* _Assigned task_: Down to the last line, restate the records word for word, but not the pictures.

****************

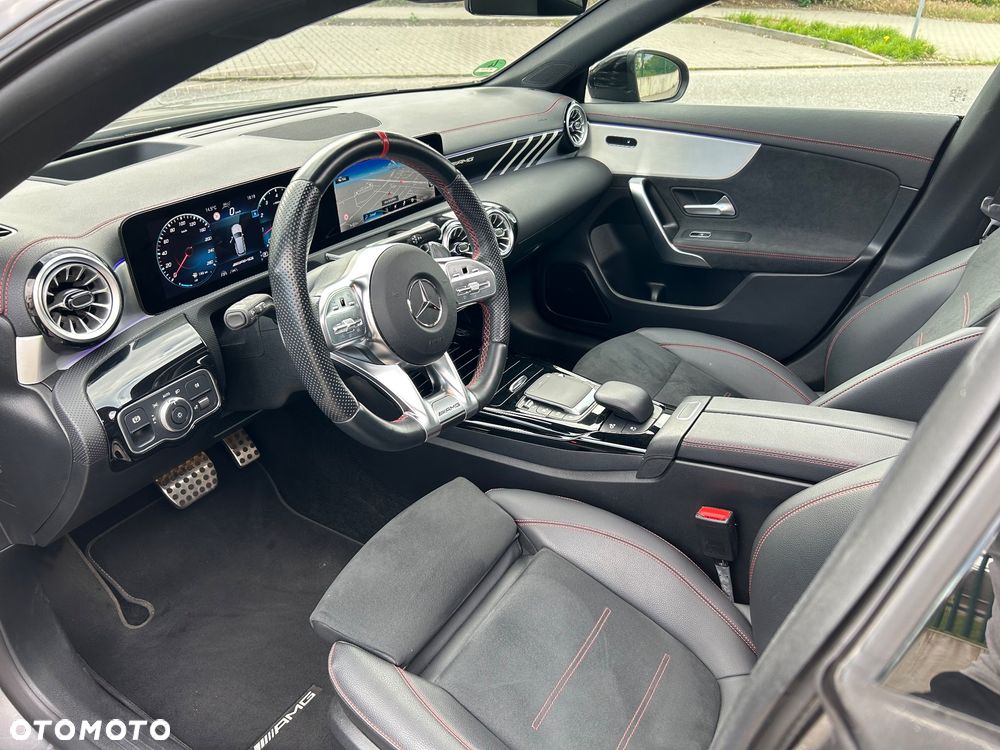 Mercedes-Benz CLA AMG 35 4Matic B AMG Speedshift 7G-DCT - 10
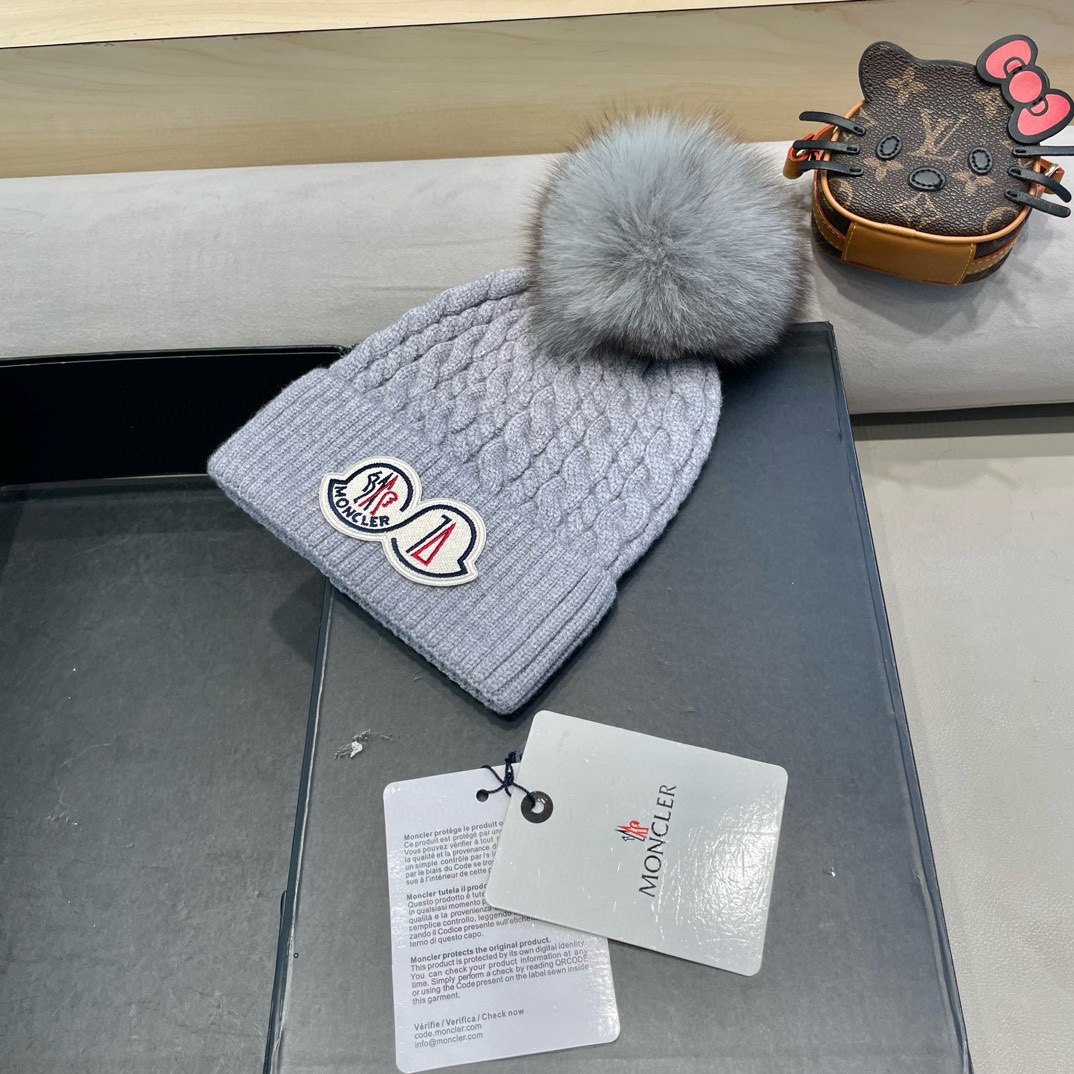 蒙口MONCLER高品质狐狸毛球针织兔羊毛毛线帽超经典不过时的一款秋冬冷帽懂货的小姐姐必入款帽型质量市场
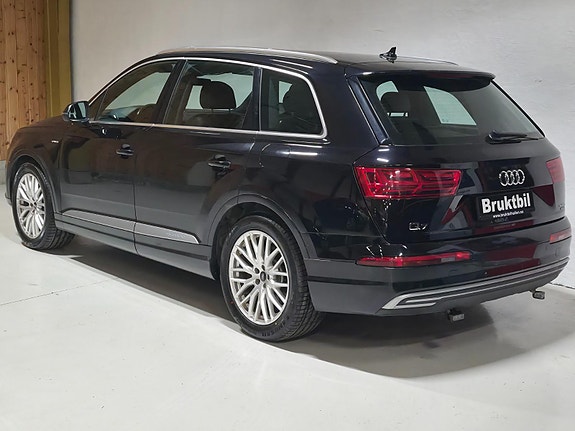 Audi Q7 7 of 30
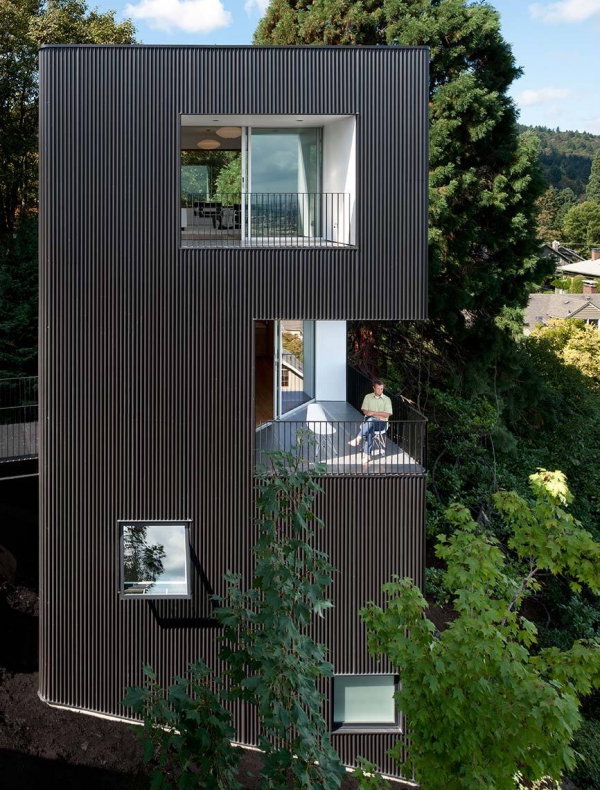 The-Minimalist-Tower-House-In-Portland-1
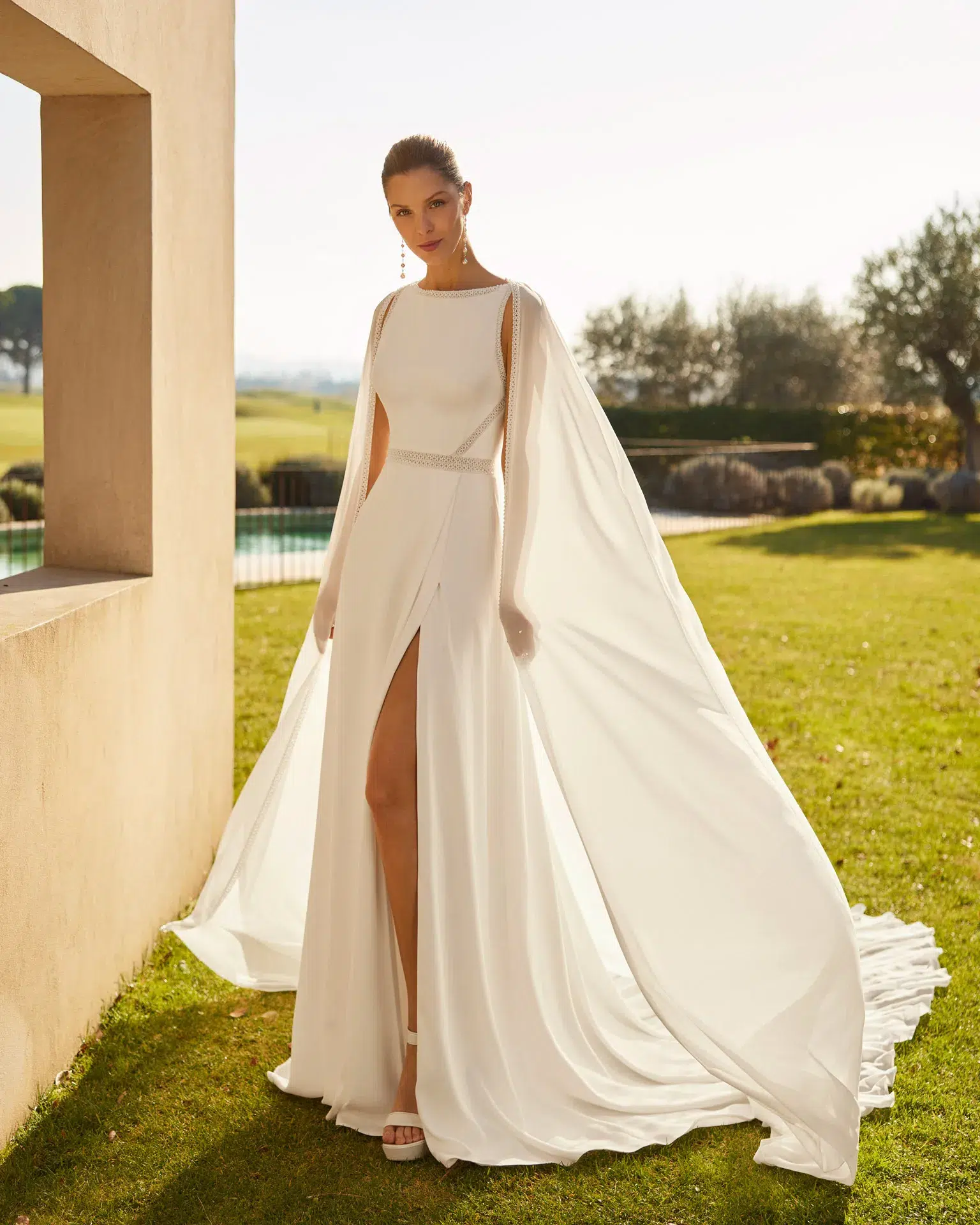Robe de mariée évasée en crêpe
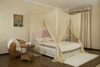 Elegante juego de dosel para cama con red protegida contra mosquitos con poste de cuatro esquinas, beige, Full/Queen/King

****************

* _Result for this task_:
 Mercedes-Benz CLA AMG 35 4Matic B AMG Speedshift 7G-DCT - 10
 蒙口MONCLER高品质狐狸毛球针织兔羊毛毛线帽超经典不过时的一款秋冬冷帽懂货的小姐姐必入款帽型质量市场
 Audi Q7 7 of 30
 The-Minimalist-Tower-House-In-Portland-1
Robe de mariée évasée en crêpe
 Elegante juego de dosel para cama con red protegida contra mosquitos con poste de cuatro esquinas, beige, Full/Queen/King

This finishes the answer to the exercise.